### TO DO
Find the word "Calvin" in the data, then copy each line where it is found.

--- THE DATA Enclosed Below ---

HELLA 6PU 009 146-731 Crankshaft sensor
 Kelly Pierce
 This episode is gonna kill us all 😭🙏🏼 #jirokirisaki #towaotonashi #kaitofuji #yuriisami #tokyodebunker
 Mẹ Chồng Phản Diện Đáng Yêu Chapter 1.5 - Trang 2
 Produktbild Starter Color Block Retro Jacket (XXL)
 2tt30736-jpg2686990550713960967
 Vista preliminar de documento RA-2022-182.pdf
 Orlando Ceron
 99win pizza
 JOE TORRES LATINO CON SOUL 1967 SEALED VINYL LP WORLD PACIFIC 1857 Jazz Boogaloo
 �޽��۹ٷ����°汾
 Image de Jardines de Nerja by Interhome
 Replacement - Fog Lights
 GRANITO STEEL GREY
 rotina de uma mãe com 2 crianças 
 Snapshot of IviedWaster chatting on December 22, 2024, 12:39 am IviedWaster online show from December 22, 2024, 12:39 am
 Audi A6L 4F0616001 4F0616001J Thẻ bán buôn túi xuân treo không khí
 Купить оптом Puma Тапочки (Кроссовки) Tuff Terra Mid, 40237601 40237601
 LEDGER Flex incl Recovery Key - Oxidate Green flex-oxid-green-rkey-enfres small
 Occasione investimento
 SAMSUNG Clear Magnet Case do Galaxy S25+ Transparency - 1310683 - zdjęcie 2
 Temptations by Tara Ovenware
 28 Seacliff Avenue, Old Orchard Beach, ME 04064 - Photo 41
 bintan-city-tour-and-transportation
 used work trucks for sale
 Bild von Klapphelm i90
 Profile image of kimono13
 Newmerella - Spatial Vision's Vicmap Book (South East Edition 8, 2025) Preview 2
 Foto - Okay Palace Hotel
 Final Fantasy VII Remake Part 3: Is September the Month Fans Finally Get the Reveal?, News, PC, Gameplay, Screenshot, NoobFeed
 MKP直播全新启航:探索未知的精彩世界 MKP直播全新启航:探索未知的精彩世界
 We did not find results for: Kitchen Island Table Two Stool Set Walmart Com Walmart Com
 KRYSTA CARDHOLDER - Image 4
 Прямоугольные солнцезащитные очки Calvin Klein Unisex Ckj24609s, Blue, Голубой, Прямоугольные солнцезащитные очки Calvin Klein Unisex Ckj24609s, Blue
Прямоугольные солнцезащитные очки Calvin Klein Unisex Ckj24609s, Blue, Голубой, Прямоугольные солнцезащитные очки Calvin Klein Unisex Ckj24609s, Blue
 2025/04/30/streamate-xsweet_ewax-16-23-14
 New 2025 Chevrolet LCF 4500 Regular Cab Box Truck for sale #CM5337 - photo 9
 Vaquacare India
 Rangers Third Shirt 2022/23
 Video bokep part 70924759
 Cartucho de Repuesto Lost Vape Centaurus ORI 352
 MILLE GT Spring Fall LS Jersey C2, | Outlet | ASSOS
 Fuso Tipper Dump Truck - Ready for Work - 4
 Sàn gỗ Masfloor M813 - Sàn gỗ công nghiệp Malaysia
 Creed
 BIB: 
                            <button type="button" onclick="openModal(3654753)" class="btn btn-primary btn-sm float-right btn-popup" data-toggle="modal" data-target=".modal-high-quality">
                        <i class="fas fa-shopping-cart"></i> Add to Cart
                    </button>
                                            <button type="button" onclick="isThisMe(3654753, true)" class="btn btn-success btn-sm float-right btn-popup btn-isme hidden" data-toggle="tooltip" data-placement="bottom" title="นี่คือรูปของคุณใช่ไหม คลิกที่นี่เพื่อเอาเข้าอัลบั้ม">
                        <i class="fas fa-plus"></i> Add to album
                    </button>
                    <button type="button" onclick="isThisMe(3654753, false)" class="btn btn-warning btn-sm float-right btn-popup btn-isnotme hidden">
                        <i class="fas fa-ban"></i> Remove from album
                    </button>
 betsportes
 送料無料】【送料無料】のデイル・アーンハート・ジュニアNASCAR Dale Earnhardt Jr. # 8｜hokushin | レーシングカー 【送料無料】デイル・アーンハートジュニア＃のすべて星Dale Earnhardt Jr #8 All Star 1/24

--- End of Enclosed THE DATA ---

### ANSWER FOR THE TASK
 Прямоугольные солнцезащитные очки Calvin Klein Unisex Ckj24609s, Blue, Голубой, Прямоугольные солнцезащитные очки Calvin Klein Unisex Ckj24609s, Blue
Прямоугольные солнцезащитные очки Calvin Klein Unisex Ckj24609s, Blue, Голубой, Прямоугольные солнцезащитные очки Calvin Klein Unisex Ckj24609s, Blue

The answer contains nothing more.